- **Work item**: The result should be an exact copy of only the lines from the one holding "Norton McNaughton Multi" through the last line of the data below, please, without pictures.

[[ Records shown, beginning ]]

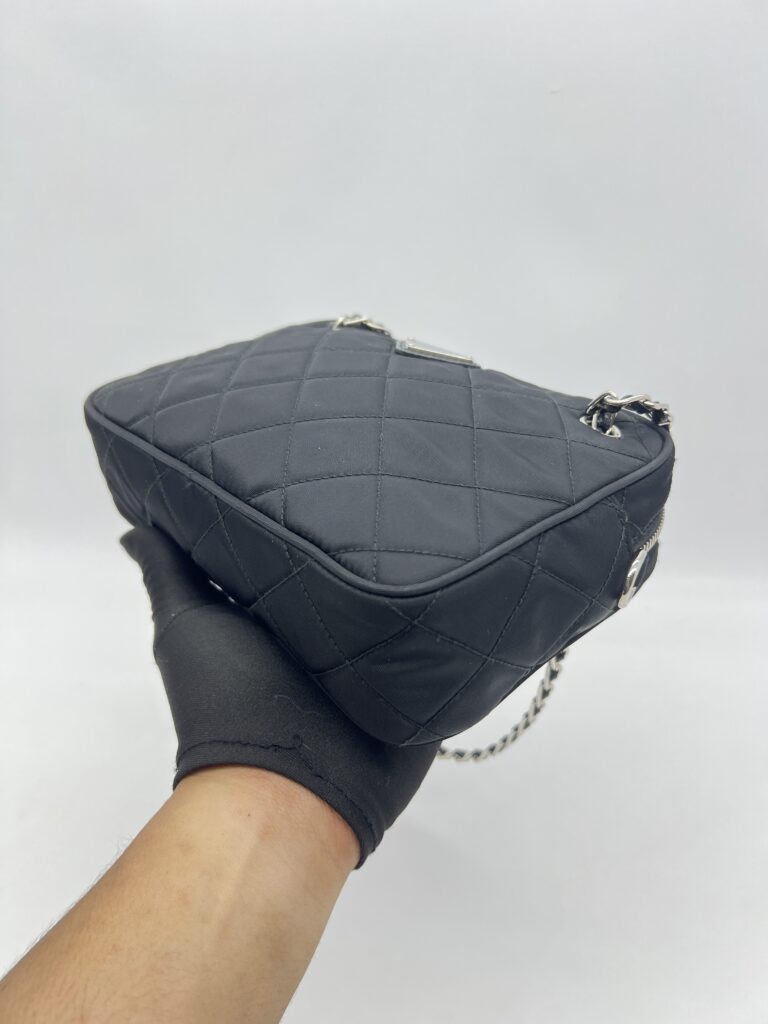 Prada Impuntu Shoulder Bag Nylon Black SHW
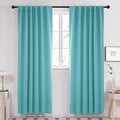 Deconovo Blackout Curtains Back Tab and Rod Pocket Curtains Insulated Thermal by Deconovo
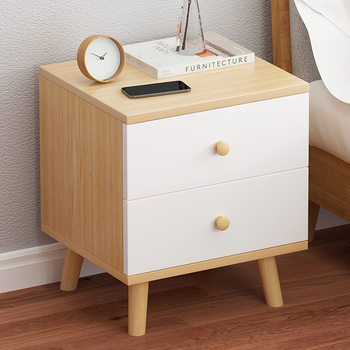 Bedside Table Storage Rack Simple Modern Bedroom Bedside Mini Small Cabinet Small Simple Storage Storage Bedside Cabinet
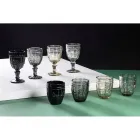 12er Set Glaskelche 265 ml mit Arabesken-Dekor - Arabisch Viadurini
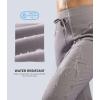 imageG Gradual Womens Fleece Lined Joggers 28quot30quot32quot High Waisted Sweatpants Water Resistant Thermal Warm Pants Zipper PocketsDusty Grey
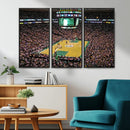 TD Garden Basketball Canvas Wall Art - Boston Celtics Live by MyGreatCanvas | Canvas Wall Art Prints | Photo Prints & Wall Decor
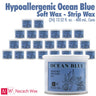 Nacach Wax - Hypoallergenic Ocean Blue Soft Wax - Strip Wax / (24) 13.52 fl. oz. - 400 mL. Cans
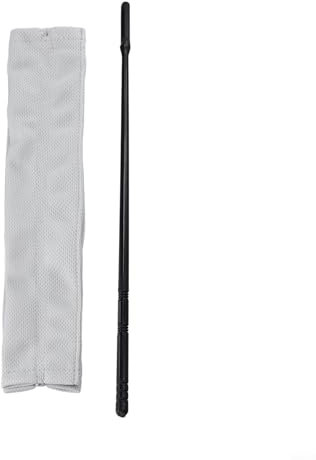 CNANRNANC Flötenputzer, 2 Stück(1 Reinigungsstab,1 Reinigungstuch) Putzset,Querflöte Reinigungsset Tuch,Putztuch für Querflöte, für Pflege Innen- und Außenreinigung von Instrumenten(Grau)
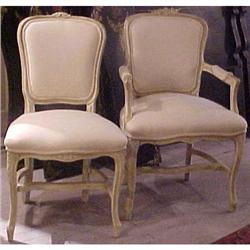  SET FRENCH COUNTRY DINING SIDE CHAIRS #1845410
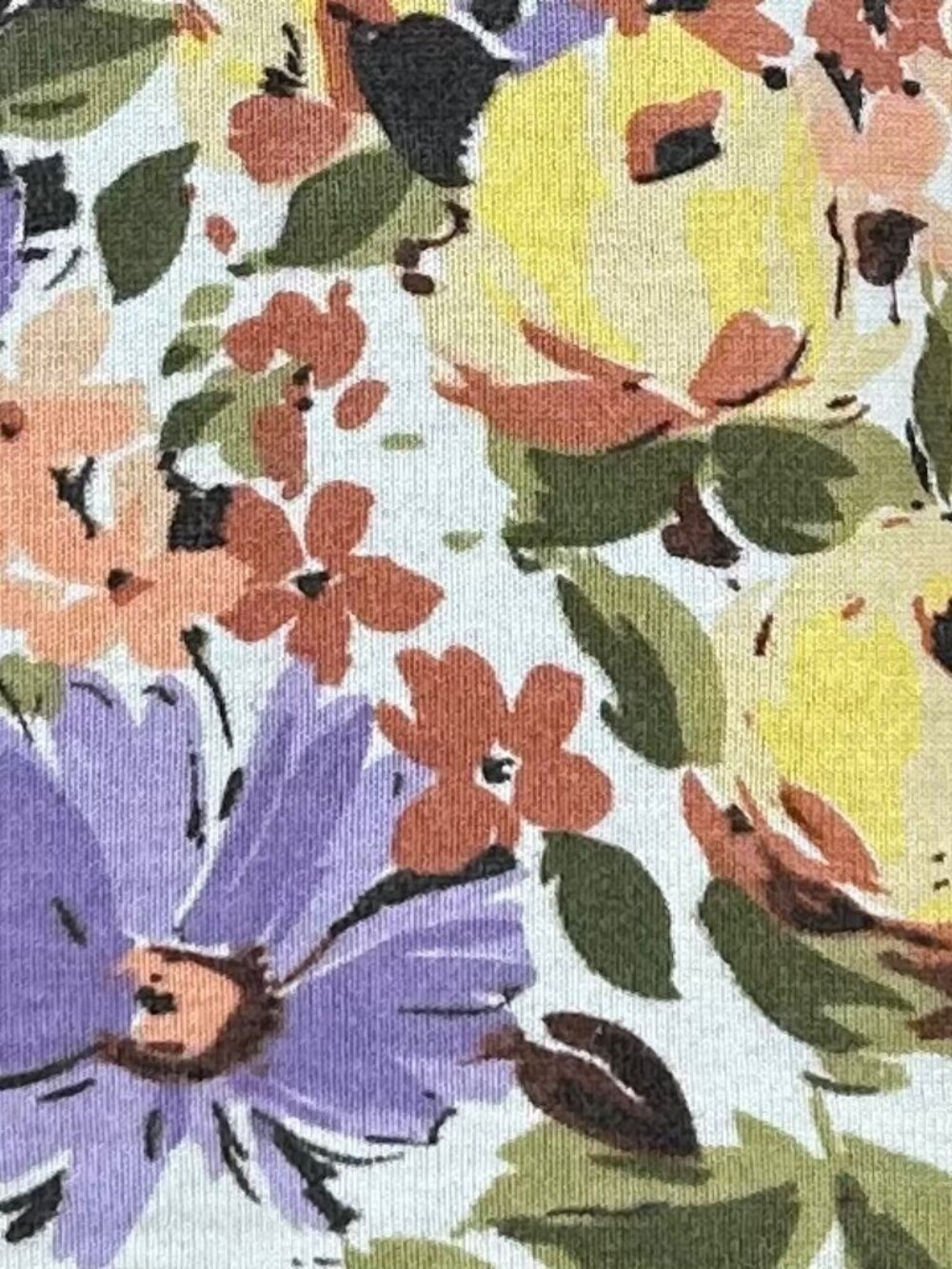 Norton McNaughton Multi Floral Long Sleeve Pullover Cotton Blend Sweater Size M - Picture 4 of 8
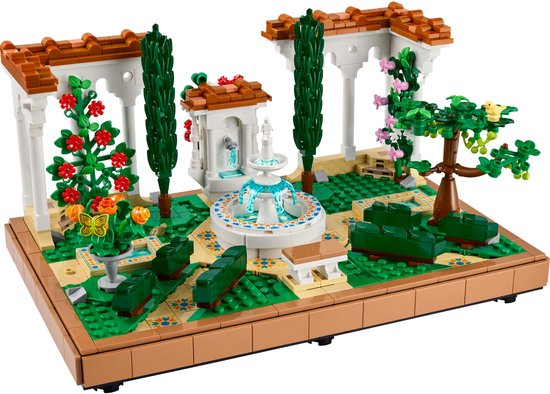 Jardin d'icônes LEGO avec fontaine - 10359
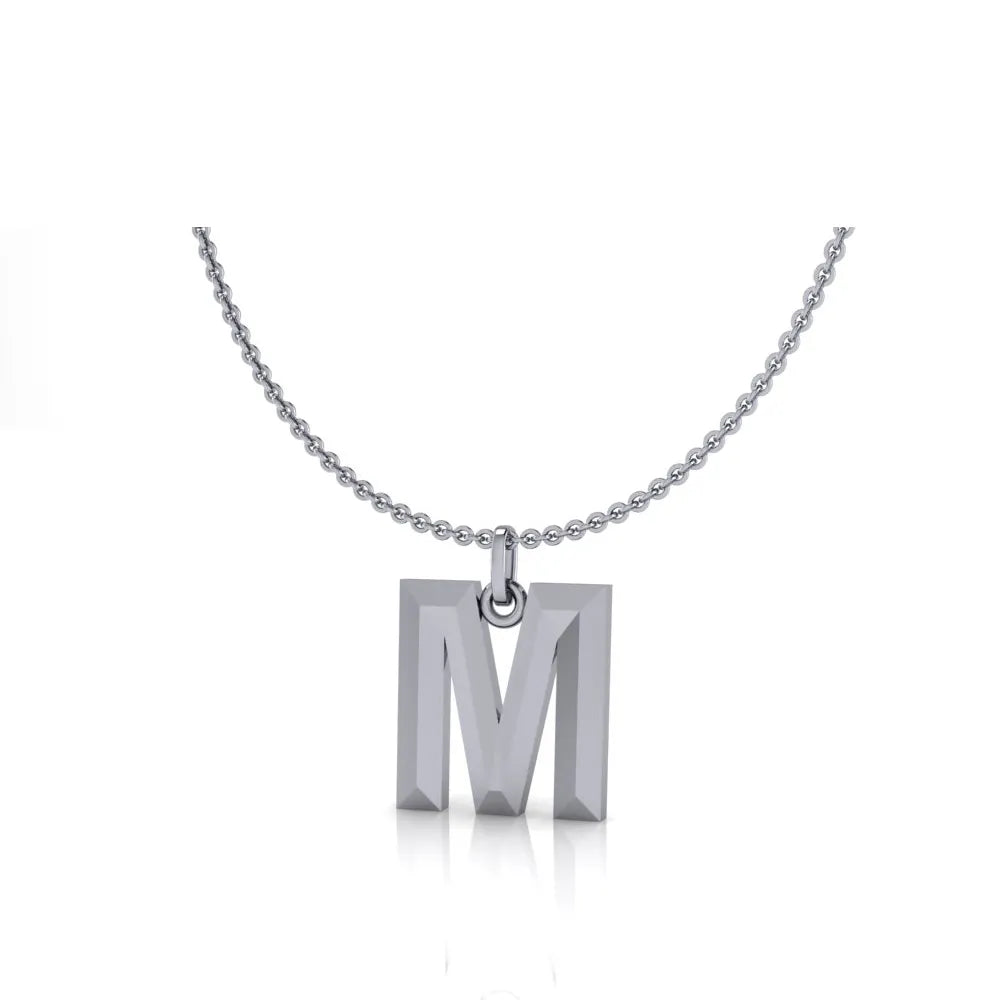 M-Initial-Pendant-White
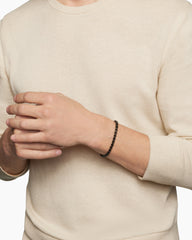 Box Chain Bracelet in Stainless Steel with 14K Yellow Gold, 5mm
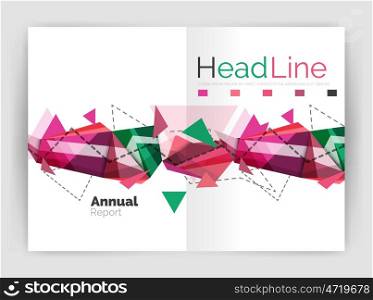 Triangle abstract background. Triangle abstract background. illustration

[[ Records shown, end ]]

- **Answer area**:
 Norton McNaughton Multi Floral Long Sleeve Pullover Cotton Blend Sweater Size M - Picture 4 of 8
 Jardin d'icônes LEGO avec fontaine - 10359
 M-Initial-Pendant-White
 Box Chain Bracelet in Stainless Steel with 14K Yellow Gold, 5mm
 Triangle abstract background. Triangle abstract background. illustration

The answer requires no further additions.